Like other streetcar systems in Japan, Toyama’s light rail trains are electric, can be single or multiple units, and run on separate rights-of-way or in mixed traffic.

Toyama’s system, named Portram, started service in April 2006, replacing a heavy rail line operated by West Japan Railway Co.

A two-car train travels along a 7.6-km section linking the north gate of JR Toyama Station and an area near Toyama port on the Sea of Japan coast.

It is operated by Toyama Light Rail Co., an entity nearly half owned by the public sector, including the city, with the remainder owned by Hokuriku Electric Power Co. and other private businesses.

Passengers on the low-floor train have a broad view of the Japan Alps south of the city as it passes along the downtown streets and past dwellings and fields.

The white coaches seat 80 and reach speeds of 60 kph.

“The name of the game was how to address the rapidly shrinking and fast-aging population,” Mori said.

Toyama Prefecture, where a large chunk of the population lives in suburban areas, typically depends on automobiles. Ownership averages 1.73 vehicles per household, the second highest in Japan, while the population density in the most crowded part of the city of Toyama is the lowest among all prefectural capitals.

“Our city is a very convenient place for car owners. . . . But elderly ladies living alone (who do not drive) can’t even go shopping,” the mayor said.

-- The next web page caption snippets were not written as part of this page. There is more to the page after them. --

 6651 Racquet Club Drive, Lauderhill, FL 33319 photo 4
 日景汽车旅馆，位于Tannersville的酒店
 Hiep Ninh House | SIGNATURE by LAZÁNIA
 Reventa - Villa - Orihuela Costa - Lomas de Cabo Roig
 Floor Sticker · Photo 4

The city’s current population of some 420,000 is forecast to shrink by about 20 percent by 2040, and the elderly are expected to account for about 37 percent of the total, up from 22 percent now.

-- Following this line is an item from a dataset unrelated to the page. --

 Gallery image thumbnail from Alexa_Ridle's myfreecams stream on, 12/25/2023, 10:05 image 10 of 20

Residents are expected to move farther into the suburbs, expanding the costs of public services such as snow removal and road maintenance. The city estimates the costs will increase by 12 percent per resident in two decades.

“I had to steer things in order to build a compact town. The problem was how to get residents to band together again,” Mori said in explaining his decision to introduce light rail to improve the quality of mass transit.

Compared with the days of JR West, passengers have more than doubled to 5,000 per weekday and jumped nearly five times higher to 5,600 on weekends and holidays.

Of particular note for Toyama, the number of passengers age 60 or older has soared 3.5 times on weekdays and 7.4 times on weekends and holidays.

“Those figures show that the elderly, who had stayed home, have started to go outside, and in the coming days old people will become more active,” Mori said.

“It was one of the most difficult tasks for the elderly who have not driven cars to go out into the town,” said Yoshimitsu Kametani, the 78-year-old chairman of a citizens’ group promoting the new trolleys. “But now, they even find it difficult to stay at home (because they can go out so easily.)”

The city of Sakai, Osaka Prefecture, plans to launch a 1.7-km light rail system, possibly in late fiscal 2010.

“My ride on the Portram was very good,” Keiichiro Tamura, 54, chief of Sakai’s effort, said after inspecting the Toyama system. “Public transportation systems are important for a rapidly aging society.”

Sakai’s public-private LRT will eventually be operated by two private railways.

It is not only the elderly who take the Portram in Toyama. In the daytime, high school students use it to commute to school and back, while the last train is packed with passengers who have been drinking after work near JR Toyama Station.

The population in downtown Toyama increased by a net 37 people in fiscal 2006 after dropping in the preceding years, thanks to tax incentives for residents in such areas. “The figure may be negligibly small. But the increase means a lot,” Mori said.

The city plans to link the light rail line, which runs north of JR Toyama Station, with a private tram line to the south of the station in fiscal 2014, when an expanded Hokuriku Shinkansen Line serving Toyama opens.

Light rail services have proved useful in reviving downtown districts in Portland, Ore., and Strasbourg, France.

“Tramcars are something like elevators which move horizontally,” said Kiyohito Utsunomiya, author of “Romen-Densha (Streetcar) Renaissance.” “Nobody who is using an elevator worries whether the one he or she is riding is operating in the red or black. We are in an era when public transportation systems should be considered part of our urban infrastructure.”